Lab 7: Pipes and filters in UNIX
You may find our solutions to Lab 6 in our solutions repository. For now, let’s focus on lab 7.
In this lab, you will get to know the commands less and grep, and experiment with input and output redirection.
Lab 7 learning objectives
- Get more comfortable and efficient using the command line
- Use
lessandgrepto view and search through text files - Recognize and use pipe and redirection operators
Table of contents
Icebreaker
Clone our starter code into your account on ieng6.
Can you guess what part of campus each of these photos was taken? Work with your groupmates! Google Maps is allowed!
Please write the answers on your whiteboard!
Warmup: UNIX Golf

Consider “surf” as our starting directory and start there (current pwd). Complete each task in as few keystrokes as possible. Write your answers on your whiteboard.
- Travis listened to Noah Kahan before he was big (totally). Move Noah Kahan to the east_coast directory, and rename him to Noah_Kahan_2024.txt.
- Travis forgot to add Hozier! Add Hozier.txt to less_indie.

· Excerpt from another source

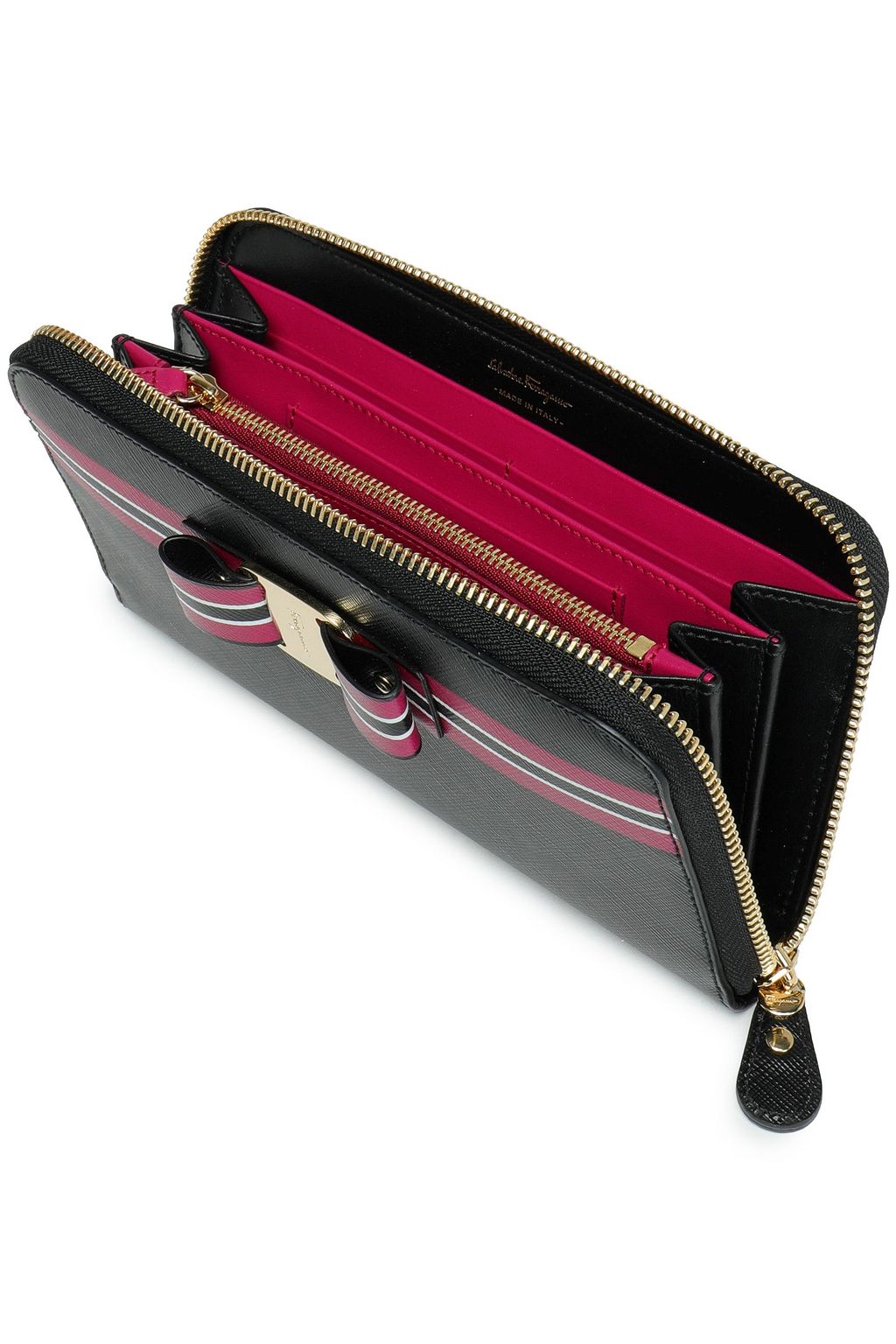 FERRAGAMO Bow-embellished striped leather wallet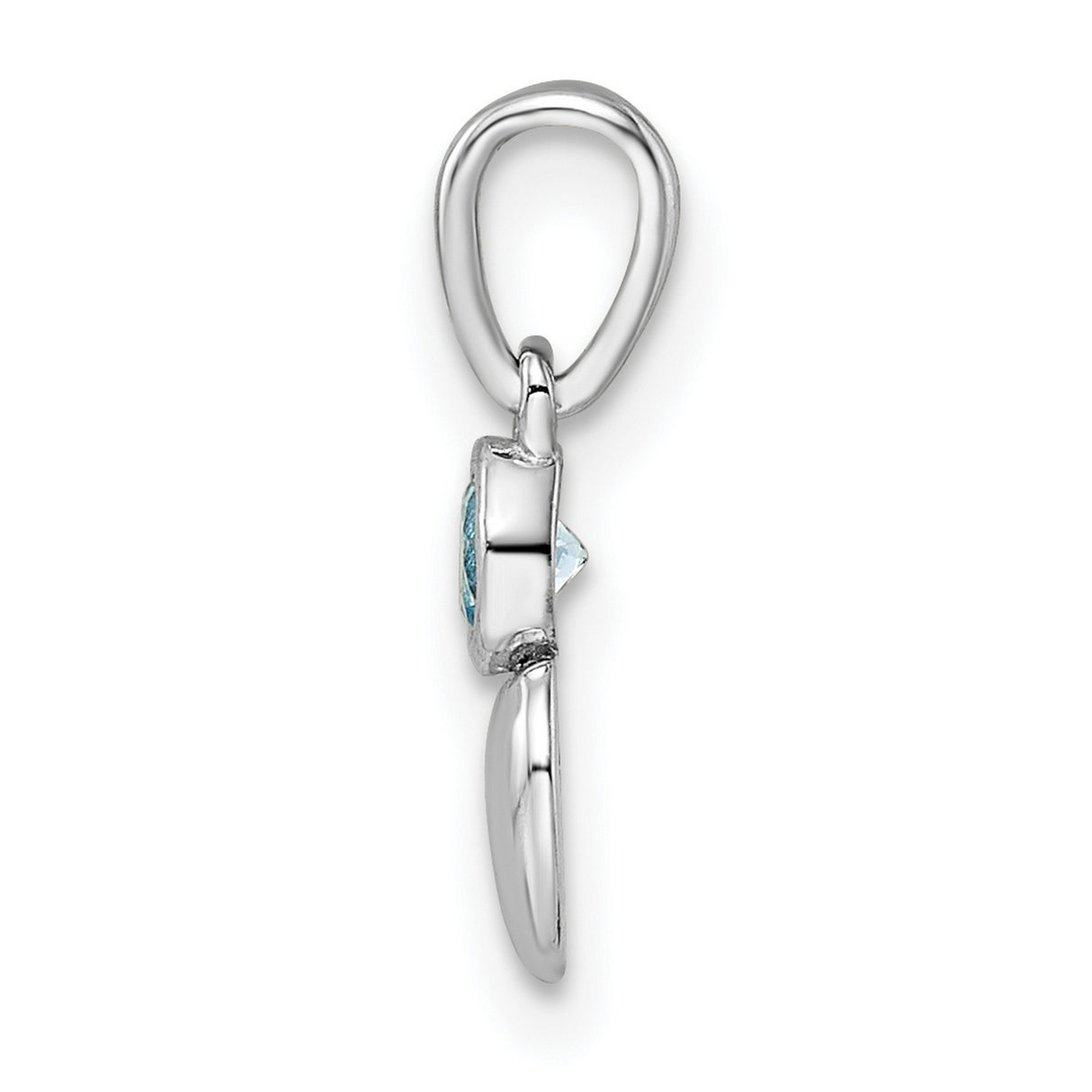 Sterling Silver Heart Pendant with Sky Blue Topaz, Polished Minimalist Jewelry for Women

- Travis only likes like one or two song from Skeggs. Remove Skeggs.txt
As you continue to use vim, you may want to consider tools to enhance your experience. Below are several options:
Vundle – a plugin manager for vim https://github.com/vundlevim/vundle.vim
vimawesome – a site with plugins you can add with the help of vundle https://vimawesome.com/
These would take longer to customize so feel free to take a few minutes to look through these but do continue on without much delay.
Searching and Filtering Program Output
In this lab, we’ll walk you through some helpful UNIX commands that are commonly used to save and filter program output. There are multiple ways to achieve the same result, and we’ll demonstrate advantages and disadvantages of each.
In the starter code, you are given a problem.c source code file. This program creates a large 2D array, fills it with numbers, and prints them out. Fortunately, whoever wrote this was thoughtful enough to write code to check for an out-of-bounds error. Unfortunately, whoever wrote this was not thoughtful enough to debug the program. Fortunately, you don’t need to debug this program; we’re going to use this program as an example of how the following UNIX commands can be used to parse a lot of program output easily.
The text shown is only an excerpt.